● **REQUIRED ACTION**
The required output is the lines below from the line containing "曲靖凤凰谷风景区？云南曲靖十大旅游景点" to the line containing "Daily Mass Time", inclusive, retyped exactly. No other lines belong in it.

● **PROVIDED RECORDS**
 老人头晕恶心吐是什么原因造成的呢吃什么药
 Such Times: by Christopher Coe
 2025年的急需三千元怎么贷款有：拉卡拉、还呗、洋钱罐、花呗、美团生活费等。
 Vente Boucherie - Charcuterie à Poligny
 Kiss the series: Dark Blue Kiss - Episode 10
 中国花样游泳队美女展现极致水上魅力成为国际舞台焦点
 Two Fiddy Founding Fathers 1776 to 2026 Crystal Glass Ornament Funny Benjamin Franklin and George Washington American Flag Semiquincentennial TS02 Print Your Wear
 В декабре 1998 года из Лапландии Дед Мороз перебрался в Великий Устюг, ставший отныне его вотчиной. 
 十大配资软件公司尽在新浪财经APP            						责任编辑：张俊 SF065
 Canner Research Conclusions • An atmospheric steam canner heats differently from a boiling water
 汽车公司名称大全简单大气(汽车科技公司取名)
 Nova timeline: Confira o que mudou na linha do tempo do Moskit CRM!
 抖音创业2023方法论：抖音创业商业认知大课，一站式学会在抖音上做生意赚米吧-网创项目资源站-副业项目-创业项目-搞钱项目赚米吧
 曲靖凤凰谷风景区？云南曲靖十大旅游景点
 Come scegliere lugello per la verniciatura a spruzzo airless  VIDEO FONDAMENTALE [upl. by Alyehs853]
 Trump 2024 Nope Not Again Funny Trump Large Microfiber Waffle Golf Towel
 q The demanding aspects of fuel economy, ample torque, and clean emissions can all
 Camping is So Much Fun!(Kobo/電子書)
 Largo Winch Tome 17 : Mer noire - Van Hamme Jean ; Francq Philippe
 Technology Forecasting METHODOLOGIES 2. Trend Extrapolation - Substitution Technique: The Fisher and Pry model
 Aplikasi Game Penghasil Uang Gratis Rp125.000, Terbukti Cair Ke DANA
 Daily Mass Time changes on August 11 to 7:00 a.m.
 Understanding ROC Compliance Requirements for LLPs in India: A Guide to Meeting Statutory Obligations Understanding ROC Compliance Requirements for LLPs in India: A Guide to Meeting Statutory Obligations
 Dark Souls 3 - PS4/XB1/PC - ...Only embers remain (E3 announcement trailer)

● **WRITTEN ANSWER**
 曲靖凤凰谷风景区？云南曲靖十大旅游景点
 Come scegliere lugello per la verniciatura a spruzzo airless  VIDEO FONDAMENTALE [upl. by Alyehs853]
 Trump 2024 Nope Not Again Funny Trump Large Microfiber Waffle Golf Towel
 q The demanding aspects of fuel economy, ample torque, and clean emissions can all
 Camping is So Much Fun!(Kobo/電子書)
 Largo Winch Tome 17 : Mer noire - Van Hamme Jean ; Francq Philippe
 Technology Forecasting METHODOLOGIES 2. Trend Extrapolation - Substitution Technique: The Fisher and Pry model
 Aplikasi Game Penghasil Uang Gratis Rp125.000, Terbukti Cair Ke DANA
 Daily Mass Time changes on August 11 to 7:00 a.m.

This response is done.